Signing Alonso would be a giant statement of intent from Renault. The team already added another of the grid's unfulfilled talents, Nico Hulkenberg, for this season and with Alonso on board it would have a genuinely world class line-up at its disposal. The Spaniard would be welcomed back with open arms, having won his two world championships in Renault colours during the last decade. Alonso will have noticed the clear upward trajectory of the Renault team -- something not currently visible with Honda -- and the fact it is slowly but surely making progress with its problematic power unit.
However, the fact that Renault seems to be Alonso's most logical destination if he leaves Honda says a lot about the decisions he's made before reaching this current juncture...
As long as Sebastian Vettel is at Ferrari, Alonso hasn't got a chance of going back to Maranello. Alonso's departure from Ferrari was straight out of the Burning Bridges handbook and coincided with the arrival of Vettel, with former team boss Marco Mattiacci calling Alonso's bluff by signing the four-time world champion in late 2014. Vettel has since moulded the team around him and is reaping the rewards with the lead of the drivers' championship.
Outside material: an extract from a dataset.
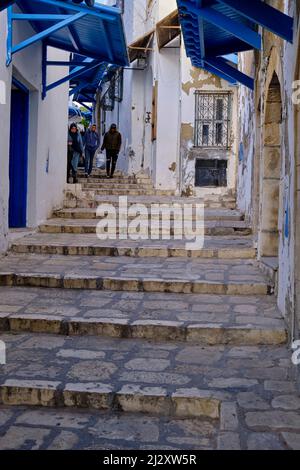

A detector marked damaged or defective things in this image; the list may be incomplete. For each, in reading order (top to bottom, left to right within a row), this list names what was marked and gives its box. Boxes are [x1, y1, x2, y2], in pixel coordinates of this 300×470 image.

peeling plaster wall [0, 9, 68, 252]
peeling plaster wall [179, 46, 238, 196]
peeling plaster wall [237, 0, 300, 338]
Even since the return of Kimi Raikkonen, Ferrari has always operated with a clear number one and two driver and the team would not upset this balance by replacing the Finn with Alonso. If recent rumours of Vettel leaving are true (however unlikely), all bets are off. In that scenario, Alonso would seem more of an appealing option, though memories of his disruptive presence undoubtedly linger. It would take a remarkable set of circumstances for Alonso to be wearing red next season.
Mercedes or Red Bull
If the choice was Alonso's, he'd drive at Mercedes next season. Or rather, he'd have been driving at Mercedes this season. Or the two before that. As mouth-watering as a reunion with Lewis Hamilton is to most fans, it's the stuff of nightmares for team boss Toto Wolff. After three years of stage-managing a frosty Hamilton-Nico Rosberg feud, the team picked the affable, unassuming Valtteri Bottas to fill the retired world champion's seat. Bottas' one-year deal leaves a question-mark over his future but his early win in Russia showed he is more than capable of filling the seat long-term.
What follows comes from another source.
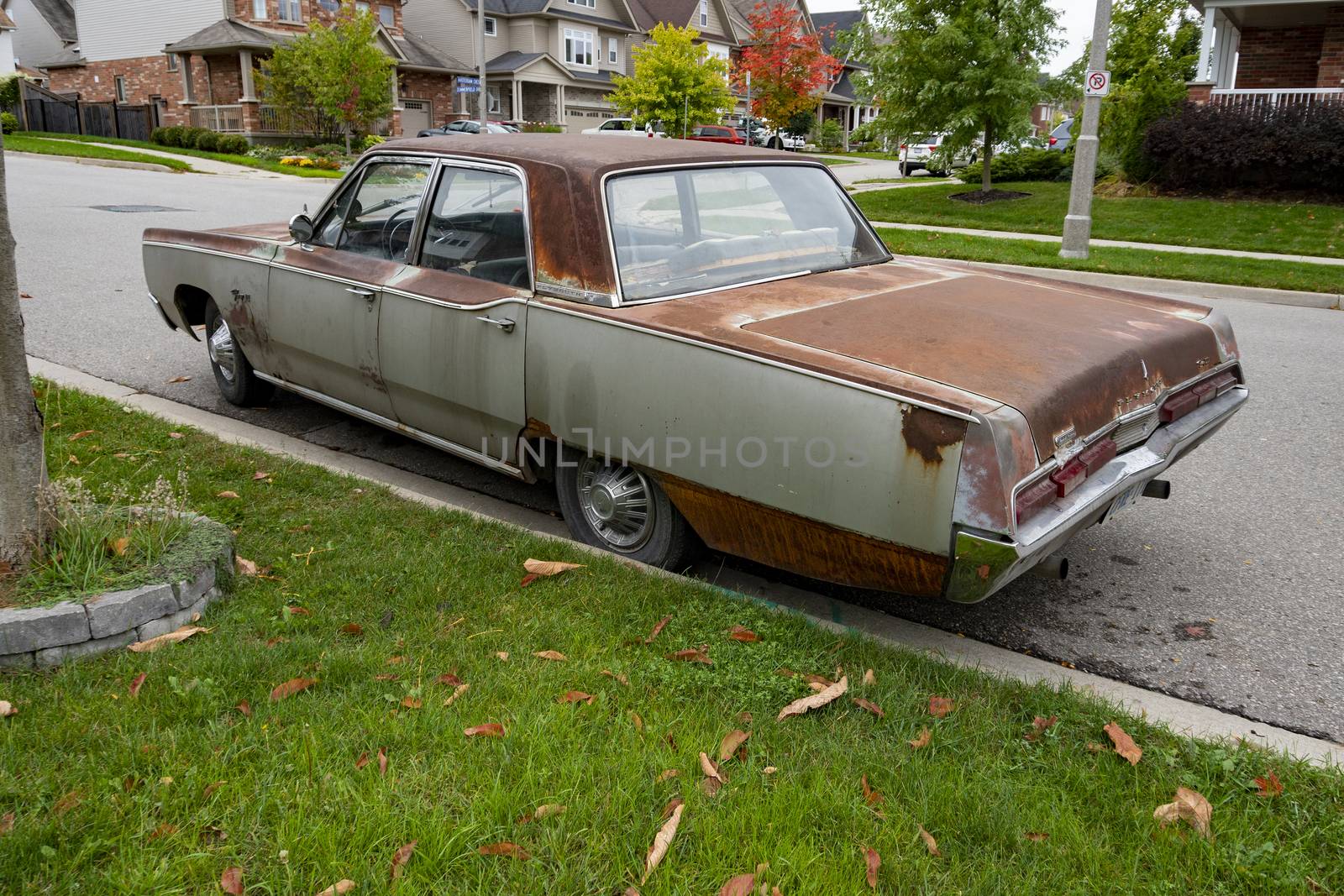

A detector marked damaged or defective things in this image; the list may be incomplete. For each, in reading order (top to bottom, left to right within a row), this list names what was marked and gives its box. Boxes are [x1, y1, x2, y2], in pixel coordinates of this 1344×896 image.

rusted vintage car [139, 137, 1247, 601]
rust patch on fender [903, 408, 968, 467]
rusty trunk lid [742, 271, 1226, 456]
rust patch on fender [653, 475, 946, 596]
Red Bull is as close to the opposite of a sure thing as you can get. Alonso spent much of the early 2010s courting the team he turned down when it was in its infancy, to no avail. Red Bull might be a team obsessed with winning but it's also loyal to the principle of its young driver programme. Even if they weren't, not many teams would happily part company with Daniel Ricciardo or Max Verstappen.
Alonso will line up at Le Mans one day, but something will have to have gone terribly wrong for it to be in 2018. Though his Indy 500 appearance would suggest he is happy to dabble away from F1, it's a reaction to being in a car which is hopelessly uncompetitive. Even if Le Mans does not clash with Formula One next year, Alonso will hope he is too engrossed in a title fight to give the endurance race much thought.
If he wins at the Brickyard on May 28, expect the Le Mans 2018 questions to intensify as it would mark the final piece of the Triple Crown but, as Alonso knows better than anyone, he has much more time to win that event than he does a third Formula One world championship.